TASK OBJECTIVE:
Transcribe the stretch of entries below from the line with "VTuber vs The Animal" through the line with "Can Quaker Parrots", exactly and with both ends included; leave out all other lines.

===============

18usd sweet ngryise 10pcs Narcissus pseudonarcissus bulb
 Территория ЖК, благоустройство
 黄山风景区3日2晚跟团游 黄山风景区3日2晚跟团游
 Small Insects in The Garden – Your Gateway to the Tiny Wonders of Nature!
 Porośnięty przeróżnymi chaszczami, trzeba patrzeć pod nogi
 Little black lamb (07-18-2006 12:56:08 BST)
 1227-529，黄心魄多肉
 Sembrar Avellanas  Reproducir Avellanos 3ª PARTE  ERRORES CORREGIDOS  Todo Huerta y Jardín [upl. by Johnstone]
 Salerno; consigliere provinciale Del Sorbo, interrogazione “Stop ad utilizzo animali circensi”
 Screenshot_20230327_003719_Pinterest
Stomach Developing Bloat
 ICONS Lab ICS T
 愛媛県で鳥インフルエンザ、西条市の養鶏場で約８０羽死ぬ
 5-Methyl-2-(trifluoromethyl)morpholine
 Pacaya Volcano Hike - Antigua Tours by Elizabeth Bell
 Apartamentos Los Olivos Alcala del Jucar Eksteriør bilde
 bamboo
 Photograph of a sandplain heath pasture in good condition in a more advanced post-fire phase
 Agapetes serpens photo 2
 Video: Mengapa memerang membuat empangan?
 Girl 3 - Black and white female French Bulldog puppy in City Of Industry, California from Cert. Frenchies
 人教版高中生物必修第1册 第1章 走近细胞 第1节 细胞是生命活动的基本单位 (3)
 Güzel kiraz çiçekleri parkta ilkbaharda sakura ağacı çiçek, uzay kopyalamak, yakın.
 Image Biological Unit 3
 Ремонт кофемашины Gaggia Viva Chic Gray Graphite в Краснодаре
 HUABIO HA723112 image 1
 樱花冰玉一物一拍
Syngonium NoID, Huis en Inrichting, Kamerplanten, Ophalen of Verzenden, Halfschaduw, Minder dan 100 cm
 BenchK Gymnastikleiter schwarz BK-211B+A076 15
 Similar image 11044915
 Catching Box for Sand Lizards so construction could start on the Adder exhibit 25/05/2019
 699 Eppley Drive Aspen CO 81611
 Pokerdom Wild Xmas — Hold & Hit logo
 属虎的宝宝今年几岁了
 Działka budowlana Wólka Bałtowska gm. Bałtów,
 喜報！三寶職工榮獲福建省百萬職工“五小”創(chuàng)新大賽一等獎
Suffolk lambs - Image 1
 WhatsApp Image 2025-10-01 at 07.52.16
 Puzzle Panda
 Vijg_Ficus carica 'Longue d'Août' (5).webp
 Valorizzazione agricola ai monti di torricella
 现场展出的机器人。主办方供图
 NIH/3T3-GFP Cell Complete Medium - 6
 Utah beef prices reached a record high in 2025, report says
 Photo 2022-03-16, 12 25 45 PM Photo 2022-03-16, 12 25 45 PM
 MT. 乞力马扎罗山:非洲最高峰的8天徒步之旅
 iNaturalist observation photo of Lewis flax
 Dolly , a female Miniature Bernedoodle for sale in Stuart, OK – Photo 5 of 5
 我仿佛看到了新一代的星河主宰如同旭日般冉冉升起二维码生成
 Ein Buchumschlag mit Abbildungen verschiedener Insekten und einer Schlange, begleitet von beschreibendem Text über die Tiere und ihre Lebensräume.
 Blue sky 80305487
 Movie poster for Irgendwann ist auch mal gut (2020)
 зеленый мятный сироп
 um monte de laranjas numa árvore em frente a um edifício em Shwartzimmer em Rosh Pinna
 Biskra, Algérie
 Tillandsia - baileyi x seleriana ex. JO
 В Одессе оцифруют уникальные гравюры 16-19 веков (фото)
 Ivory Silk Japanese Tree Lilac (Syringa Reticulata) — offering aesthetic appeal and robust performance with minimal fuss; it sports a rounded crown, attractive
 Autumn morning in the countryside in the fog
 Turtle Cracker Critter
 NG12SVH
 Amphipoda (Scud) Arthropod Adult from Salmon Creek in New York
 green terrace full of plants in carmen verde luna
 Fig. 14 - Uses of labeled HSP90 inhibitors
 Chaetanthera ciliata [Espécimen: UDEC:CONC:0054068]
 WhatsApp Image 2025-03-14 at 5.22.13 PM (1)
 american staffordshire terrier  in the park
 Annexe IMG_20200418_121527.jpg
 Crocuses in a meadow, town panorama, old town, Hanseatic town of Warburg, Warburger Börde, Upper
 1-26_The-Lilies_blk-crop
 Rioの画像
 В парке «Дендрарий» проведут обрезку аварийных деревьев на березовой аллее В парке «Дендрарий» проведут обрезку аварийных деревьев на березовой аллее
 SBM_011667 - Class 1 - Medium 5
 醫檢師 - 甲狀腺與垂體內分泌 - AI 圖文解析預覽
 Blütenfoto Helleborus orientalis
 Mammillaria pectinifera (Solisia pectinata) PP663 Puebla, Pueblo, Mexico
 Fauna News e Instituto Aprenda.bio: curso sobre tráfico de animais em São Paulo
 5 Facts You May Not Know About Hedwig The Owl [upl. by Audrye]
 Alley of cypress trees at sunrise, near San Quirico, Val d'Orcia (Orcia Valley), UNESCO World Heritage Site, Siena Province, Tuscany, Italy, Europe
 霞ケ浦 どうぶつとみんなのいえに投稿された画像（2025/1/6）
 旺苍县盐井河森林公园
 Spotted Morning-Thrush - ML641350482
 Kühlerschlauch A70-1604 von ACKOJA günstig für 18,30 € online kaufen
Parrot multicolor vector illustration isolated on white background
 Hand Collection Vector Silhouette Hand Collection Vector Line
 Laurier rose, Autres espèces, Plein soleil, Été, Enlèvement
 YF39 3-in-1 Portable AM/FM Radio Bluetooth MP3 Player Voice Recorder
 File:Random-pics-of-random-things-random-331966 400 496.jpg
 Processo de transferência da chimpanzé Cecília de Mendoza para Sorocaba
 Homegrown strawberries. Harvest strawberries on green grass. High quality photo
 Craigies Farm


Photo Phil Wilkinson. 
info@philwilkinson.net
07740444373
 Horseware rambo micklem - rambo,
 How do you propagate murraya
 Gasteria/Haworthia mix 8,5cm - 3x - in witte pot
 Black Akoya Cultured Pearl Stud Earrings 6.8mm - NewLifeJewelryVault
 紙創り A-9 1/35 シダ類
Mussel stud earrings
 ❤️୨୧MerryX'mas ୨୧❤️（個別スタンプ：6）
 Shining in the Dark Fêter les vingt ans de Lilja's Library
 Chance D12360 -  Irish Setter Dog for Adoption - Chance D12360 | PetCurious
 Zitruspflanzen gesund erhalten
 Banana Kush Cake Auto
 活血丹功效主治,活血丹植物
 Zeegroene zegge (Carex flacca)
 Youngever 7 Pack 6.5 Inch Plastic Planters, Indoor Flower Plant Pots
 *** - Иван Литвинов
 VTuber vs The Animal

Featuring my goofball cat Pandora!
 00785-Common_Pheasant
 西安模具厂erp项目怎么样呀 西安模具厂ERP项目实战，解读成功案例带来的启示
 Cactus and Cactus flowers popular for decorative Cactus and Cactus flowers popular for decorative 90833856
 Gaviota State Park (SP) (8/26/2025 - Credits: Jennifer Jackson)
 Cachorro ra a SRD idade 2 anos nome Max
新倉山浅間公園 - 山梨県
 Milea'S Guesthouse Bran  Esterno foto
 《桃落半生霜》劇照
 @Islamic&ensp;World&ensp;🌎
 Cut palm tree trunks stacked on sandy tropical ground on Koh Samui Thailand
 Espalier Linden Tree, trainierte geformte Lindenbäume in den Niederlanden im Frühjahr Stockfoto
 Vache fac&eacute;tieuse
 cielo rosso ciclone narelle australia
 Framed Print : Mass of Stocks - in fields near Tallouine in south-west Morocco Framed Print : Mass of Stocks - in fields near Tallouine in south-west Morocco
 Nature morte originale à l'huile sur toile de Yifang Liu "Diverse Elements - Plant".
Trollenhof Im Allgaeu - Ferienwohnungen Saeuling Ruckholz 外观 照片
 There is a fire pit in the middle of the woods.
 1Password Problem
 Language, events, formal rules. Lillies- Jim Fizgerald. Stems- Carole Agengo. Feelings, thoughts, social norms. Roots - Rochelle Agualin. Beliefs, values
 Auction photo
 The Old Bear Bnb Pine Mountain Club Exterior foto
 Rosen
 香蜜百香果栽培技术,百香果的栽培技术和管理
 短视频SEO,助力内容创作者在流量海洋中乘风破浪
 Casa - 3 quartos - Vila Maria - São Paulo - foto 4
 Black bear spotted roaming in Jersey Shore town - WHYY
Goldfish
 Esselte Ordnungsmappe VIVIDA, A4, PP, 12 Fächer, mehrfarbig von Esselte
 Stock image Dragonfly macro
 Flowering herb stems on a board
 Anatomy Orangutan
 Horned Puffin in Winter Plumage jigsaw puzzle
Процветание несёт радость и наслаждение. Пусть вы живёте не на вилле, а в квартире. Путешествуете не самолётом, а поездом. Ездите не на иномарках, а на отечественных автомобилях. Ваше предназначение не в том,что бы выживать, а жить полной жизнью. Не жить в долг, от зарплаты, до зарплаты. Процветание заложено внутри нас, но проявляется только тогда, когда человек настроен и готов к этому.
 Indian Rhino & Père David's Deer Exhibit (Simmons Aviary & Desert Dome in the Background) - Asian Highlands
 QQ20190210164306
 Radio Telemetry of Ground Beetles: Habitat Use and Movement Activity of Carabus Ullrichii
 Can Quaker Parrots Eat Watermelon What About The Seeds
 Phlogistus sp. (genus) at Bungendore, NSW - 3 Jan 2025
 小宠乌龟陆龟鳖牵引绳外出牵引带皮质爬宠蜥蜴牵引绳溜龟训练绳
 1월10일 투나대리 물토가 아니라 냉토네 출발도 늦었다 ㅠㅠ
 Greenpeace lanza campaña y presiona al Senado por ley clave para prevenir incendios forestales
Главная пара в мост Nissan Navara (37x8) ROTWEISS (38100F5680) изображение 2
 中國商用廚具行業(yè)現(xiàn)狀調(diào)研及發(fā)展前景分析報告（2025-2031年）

===============

EXERCISE RESPONSE:
 VTuber vs The Animal

Featuring my goofball cat Pandora!
 00785-Common_Pheasant
 西安模具厂erp项目怎么样呀 西安模具厂ERP项目实战，解读成功案例带来的启示
 Cactus and Cactus flowers popular for decorative Cactus and Cactus flowers popular for decorative 90833856
 Gaviota State Park (SP) (8/26/2025 - Credits: Jennifer Jackson)
 Cachorro ra a SRD idade 2 anos nome Max
新倉山浅間公園 - 山梨県
 Milea'S Guesthouse Bran  Esterno foto
 《桃落半生霜》劇照
 @Islamic&ensp;World&ensp;🌎
 Cut palm tree trunks stacked on sandy tropical ground on Koh Samui Thailand
 Espalier Linden Tree, trainierte geformte Lindenbäume in den Niederlanden im Frühjahr Stockfoto
 Vache fac&eacute;tieuse
 cielo rosso ciclone narelle australia
 Framed Print : Mass of Stocks - in fields near Tallouine in south-west Morocco Framed Print : Mass of Stocks - in fields near Tallouine in south-west Morocco
 Nature morte originale à l'huile sur toile de Yifang Liu "Diverse Elements - Plant".
Trollenhof Im Allgaeu - Ferienwohnungen Saeuling Ruckholz 外观 照片
 There is a fire pit in the middle of the woods.
 1Password Problem
 Language, events, formal rules. Lillies- Jim Fizgerald. Stems- Carole Agengo. Feelings, thoughts, social norms. Roots - Rochelle Agualin. Beliefs, values
 Auction photo
 The Old Bear Bnb Pine Mountain Club Exterior foto
 Rosen
 香蜜百香果栽培技术,百香果的栽培技术和管理
 短视频SEO,助力内容创作者在流量海洋中乘风破浪
 Casa - 3 quartos - Vila Maria - São Paulo - foto 4
 Black bear spotted roaming in Jersey Shore town - WHYY
Goldfish
 Esselte Ordnungsmappe VIVIDA, A4, PP, 12 Fächer, mehrfarbig von Esselte
 Stock image Dragonfly macro
 Flowering herb stems on a board
 Anatomy Orangutan
 Horned Puffin in Winter Plumage jigsaw puzzle
Процветание несёт радость и наслаждение. Пусть вы живёте не на вилле, а в квартире. Путешествуете не самолётом, а поездом. Ездите не на иномарках, а на отечественных автомобилях. Ваше предназначение не в том,что бы выживать, а жить полной жизнью. Не жить в долг, от зарплаты, до зарплаты. Процветание заложено внутри нас, но проявляется только тогда, когда человек настроен и готов к этому.
 Indian Rhino & Père David's Deer Exhibit (Simmons Aviary & Desert Dome in the Background) - Asian Highlands
 QQ20190210164306
 Radio Telemetry of Ground Beetles: Habitat Use and Movement Activity of Carabus Ullrichii
 Can Quaker Parrots Eat Watermelon What About The Seeds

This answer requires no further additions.